BDSM et libertinage

J’ignore ce qu’est le libertinage aujourd’hui, si on se fie à ce que l’on peut voir et me dire, le libertinage, c’est tromper ouvertement son conjoint en trouvant un mot pour excuse.

C’est très beau tout ça mais, là où ça pêche c’est que personne n’a pu me fournir jusqu’à présent une définition du libertinage. Du vrai, pas le coup du lapin!

Si je me réfère à un dictionnaire, je vois seulement: le sens qui prévaut de nos jours se réfère au libertin de mœurs, c’est-à-dire celui qui s’adonne aux plaisirs charnels avec une liberté qui dépasse les limites de la morale conventionnelle et de la sensualité bourgeoise normale, mais aussi avec un certain raffinement cultivé.

La bourgeoisie?

-J’ignorais qu’on était dans « Germinal ».

La morale conventionnelle?

-C’est quoi au juste?

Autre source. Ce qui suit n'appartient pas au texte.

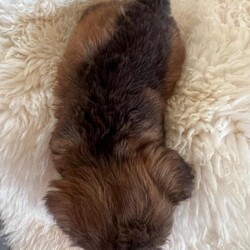 Adopt a dog:Cockapoo puppies for sale one boy left !/Cockapoo/Female/Sex: Mixed Litter,Have a stunning litter of miniature cocker poo puppies for sale boys and girls available dad is a miniature poodle he is pra tested clear extensive testing what are all clear mum is a cocker spaniel who is very love in and great with kids our family pet pups have been use to kids at a young age flead and wormed up to date are also microchipped  one boy left on main cover only .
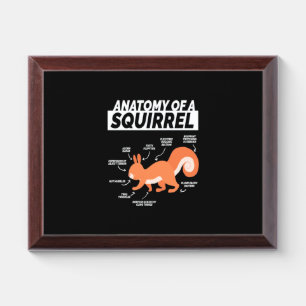 Anatomy Of A Squirrel Award Plaque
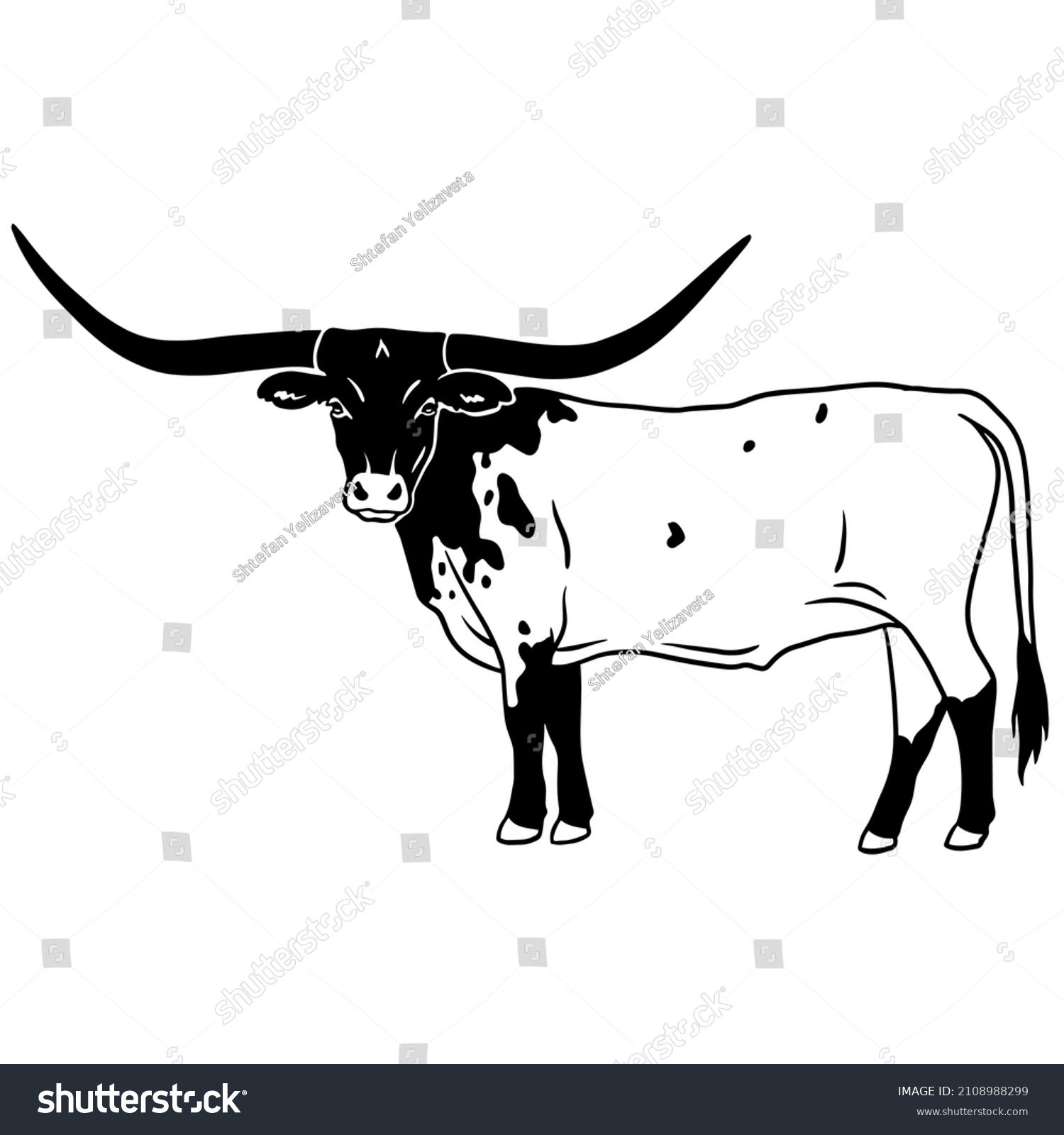 SVG of Texas longhorn vector. Design element for poster, t-shirt print, banner. Texas longhorn cattle head and body icon svg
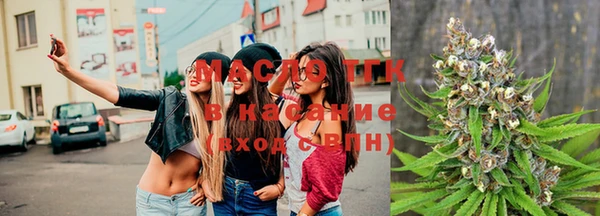 дмт Вяземский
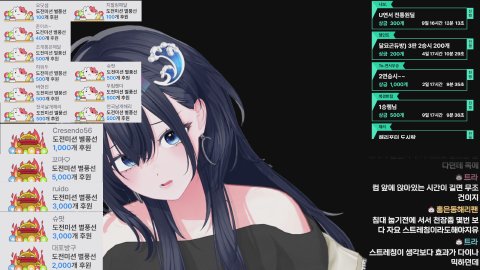 해리의 라이브 방송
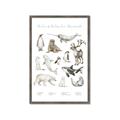 Picture of Cute Wild Animals II _GroupedProduct_Rectangle_Portrait_Mini_ _GroupedProduct_Rectangle_Portrait_Framed_Matted_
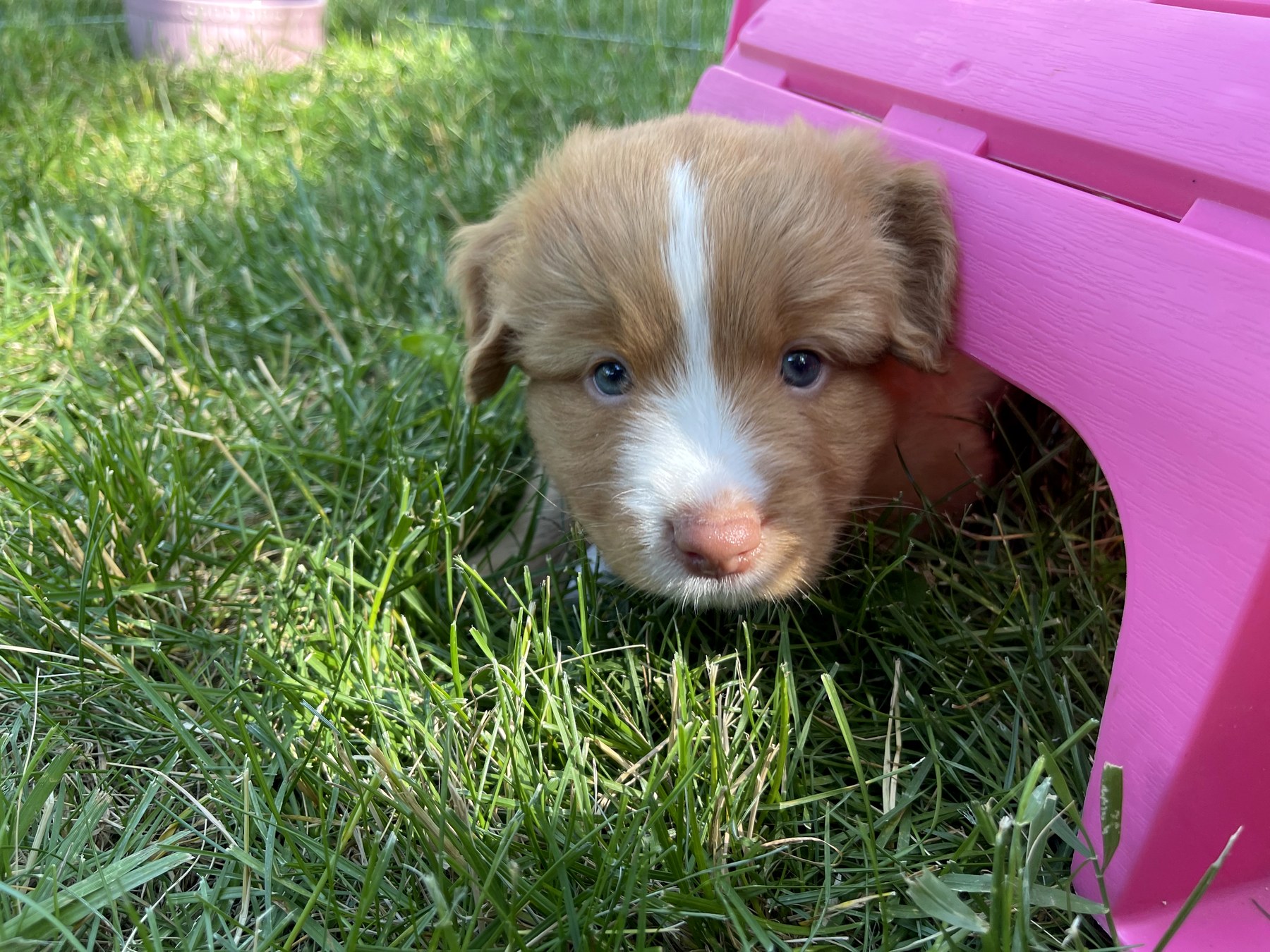 Forest Cove Tollers gallery photo 33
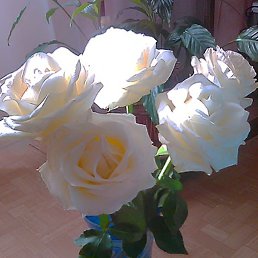 ���������, ������, 52 ����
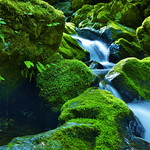 Moss green and flow of water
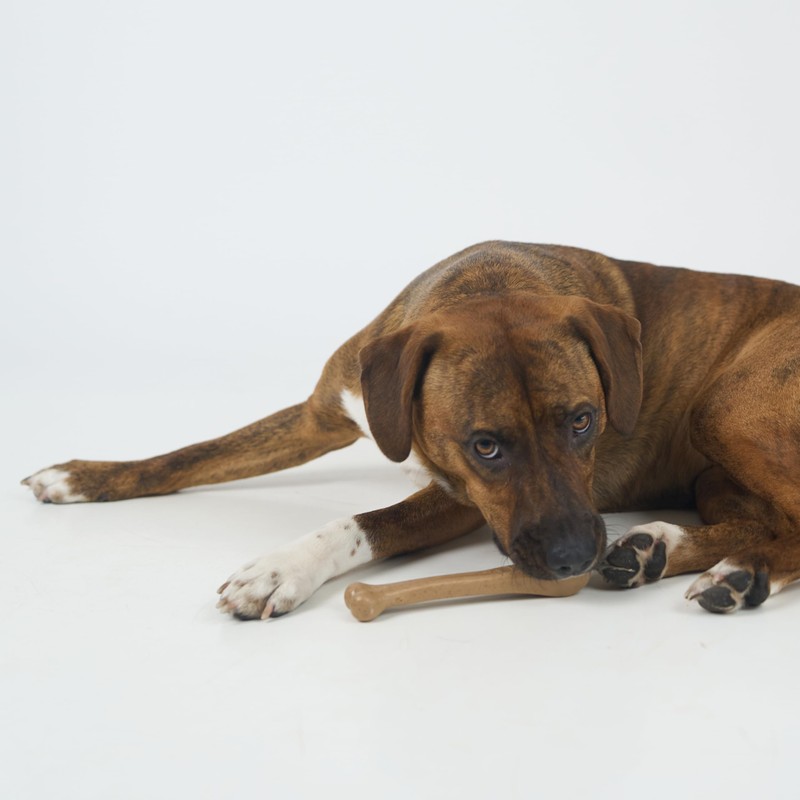 SPOT Bam-Bones Bone - Made with Strong Bamboo Fiber, Durable
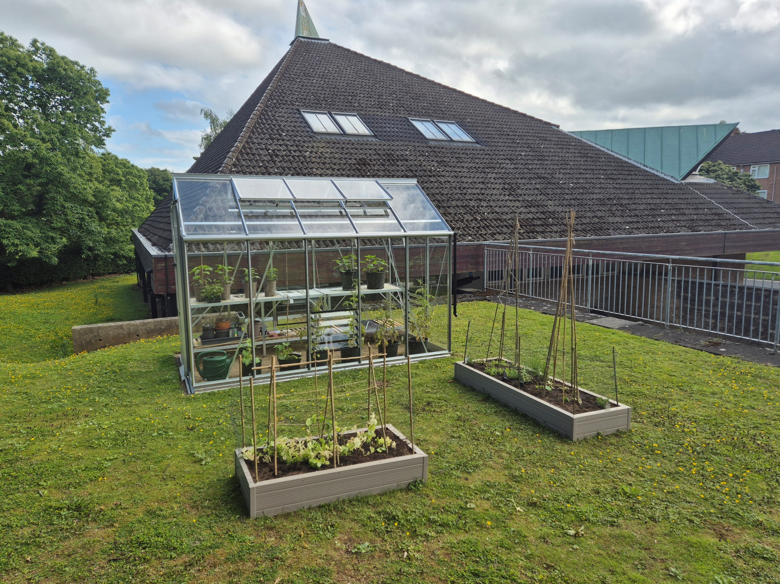 Greenhouse picture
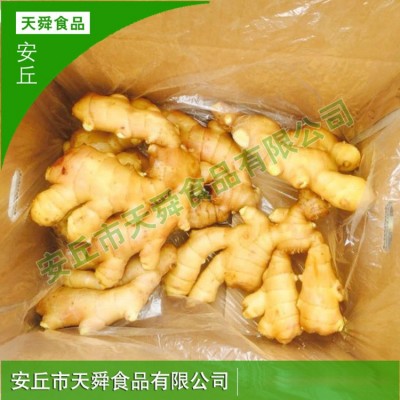小黄姜沙姜出口批发山东生姜新鲜老姜现挖干大姜月子姜蔬菜嫩姜块图4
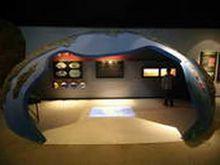 朝陽古生物化石地質公園 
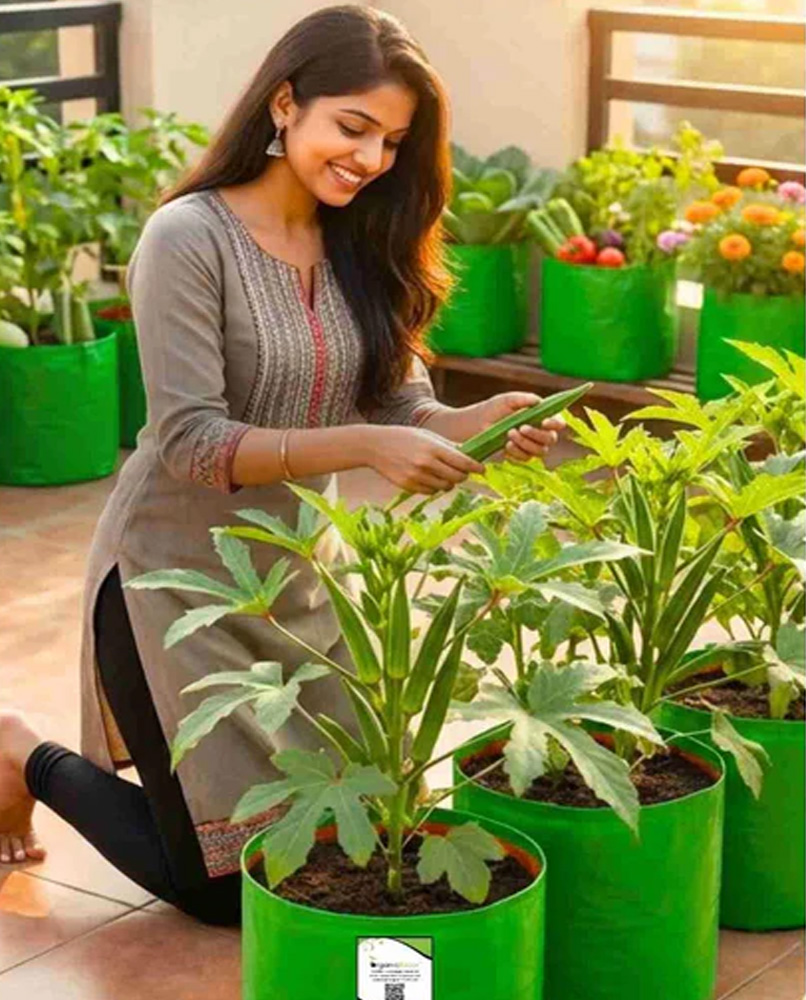 planting okra vegetable in grow bag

La morale judéo-chrétienne?

Pratiquant le BDSM, ça ne veut strictement rien dire pour moi.

Est-ce que cela signifie que je sois libertine?

Le BDSM est-il libertin?

Les libertins le croient, ça, qu’une soumise c’est fait pour être fourré comme un petit pain et-pi-cé-tout!

Oui, le libertin sait vachement bien écrire… Le raffinement, il n’y en avait plus en soldes.

Le libertin, il aime bien aller dans les soirées BDSM en pensant qu’il trouvera de quoi tirer sa crampe et les principes du BDSM, il connaît pas.

Il a sûrement un pantalon en cuir, ce qui fait qu’il peut passer pour un random maître.

Le dress code fait fumble une fois de plus et nous avons un prédateur sexuel dans la soirée.

On ne peut l’identifier qu’en causant avec lui. 1 minute chrono suffit!

Bla-bla-bla: le libertinage, c’est moche, c’est pas beau et puis ça n’a aucun axe de pensée… On le lit partout, on le voit partout, tout un tas de couples ou de gens se disent libertins mais… Ça n’a pas de sens!

Allez, je laisse une chance au libertinage, j’attends toujours une bonne définition et un exemple!